BRIEF » Please repeat only the lines below starting at the line that holds "Barnerommet med mye" and ending at the line that holds "Woman Blasts Mike", exactly, with both of those lines included and every picture omitted.

RECORD SET »
☆ ☆ ☆
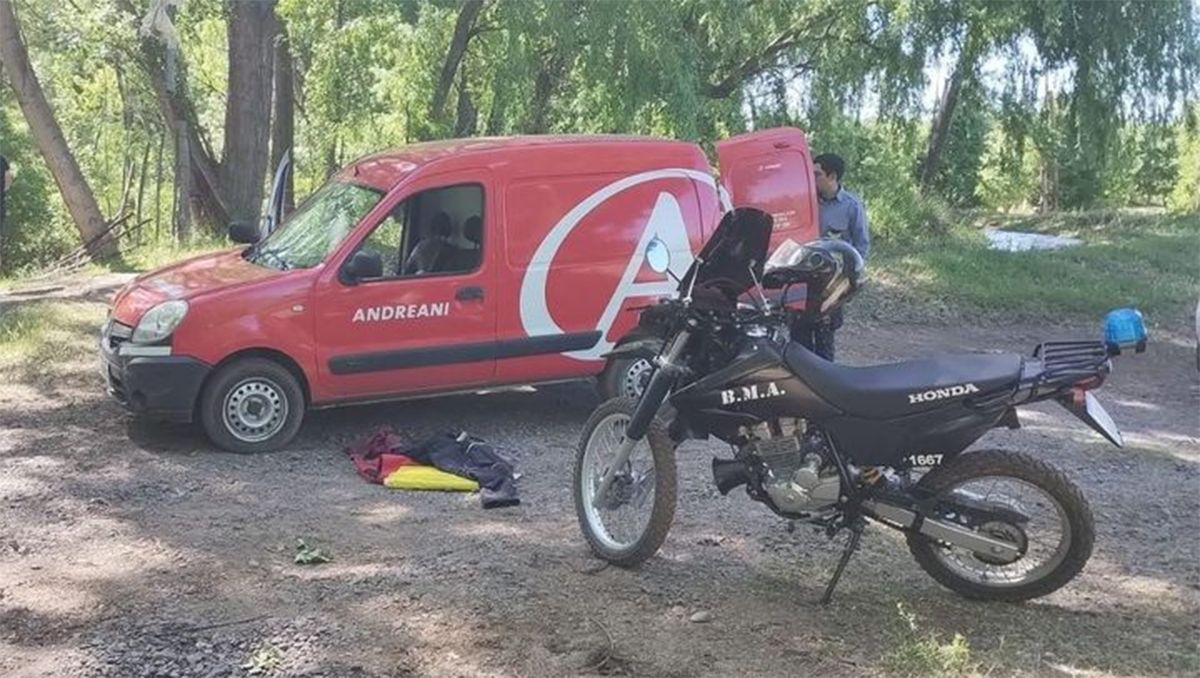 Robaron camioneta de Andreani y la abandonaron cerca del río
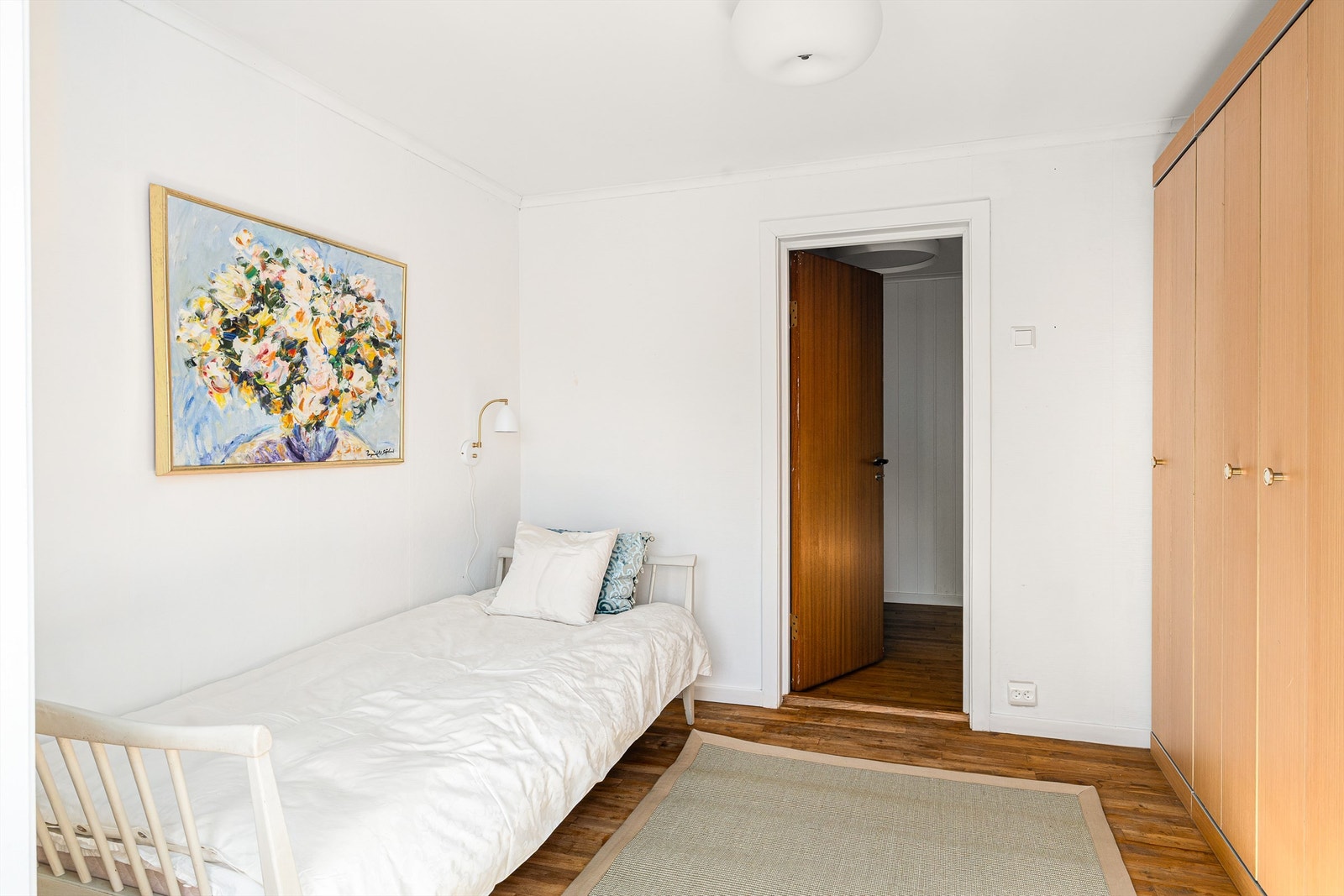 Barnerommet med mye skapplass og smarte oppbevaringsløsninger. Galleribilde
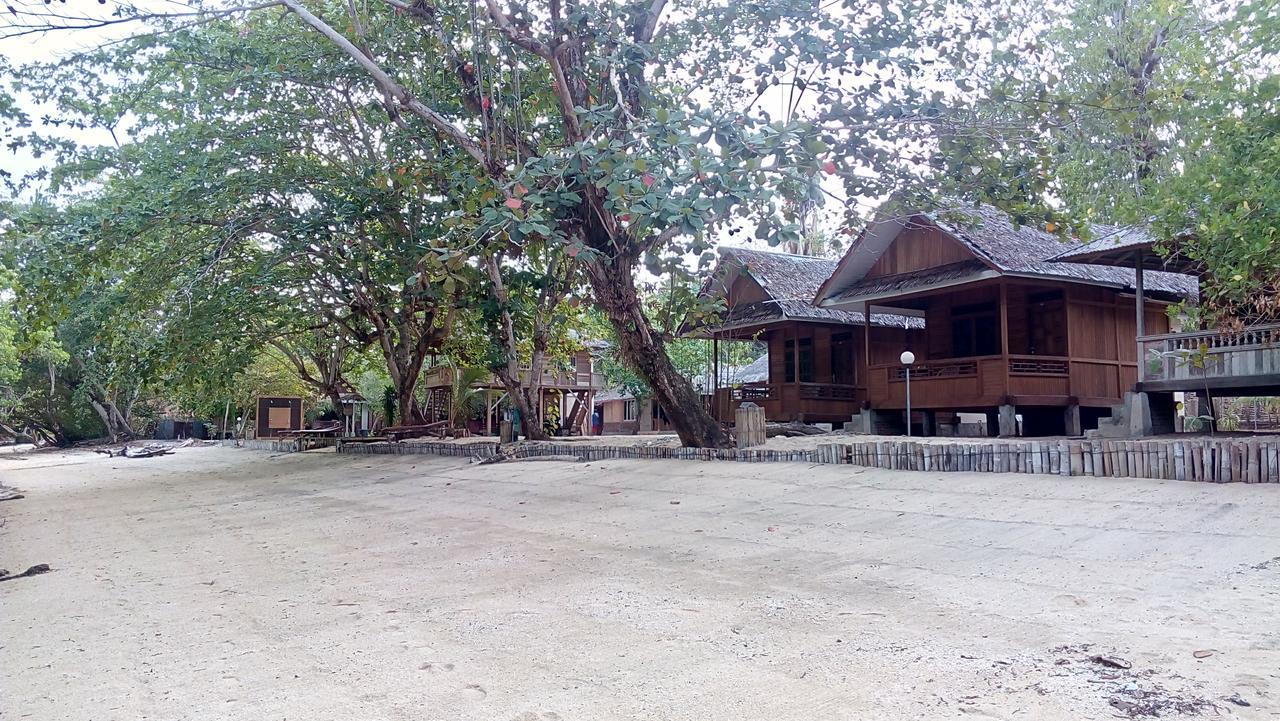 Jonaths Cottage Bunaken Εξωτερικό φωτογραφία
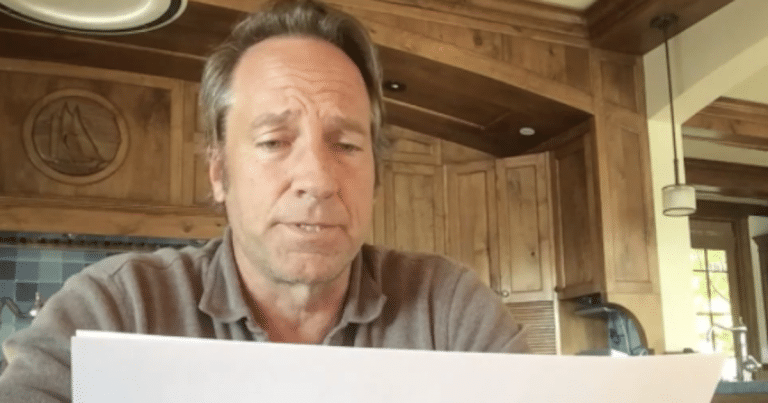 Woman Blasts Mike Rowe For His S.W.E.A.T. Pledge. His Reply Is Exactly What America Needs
☆ ☆ ☆
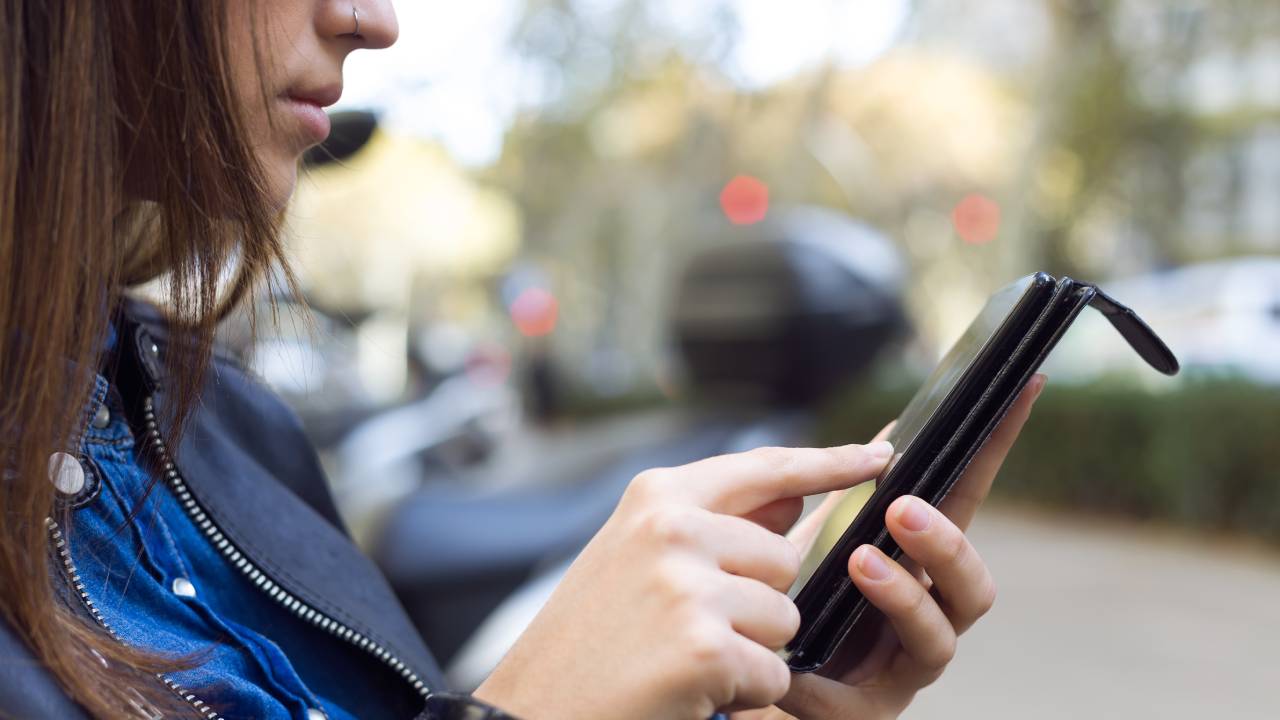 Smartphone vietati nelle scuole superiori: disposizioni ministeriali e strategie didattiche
☆ ☆ ☆
WRITTEN RESPONSE »
 Barnerommet med mye skapplass og smarte oppbevaringsløsninger. Galleribilde
 Jonaths Cottage Bunaken Εξωτερικό φωτογραφία
 Woman Blasts Mike Rowe For His S.W.E.A.T. Pledge. His Reply Is Exactly What America Needs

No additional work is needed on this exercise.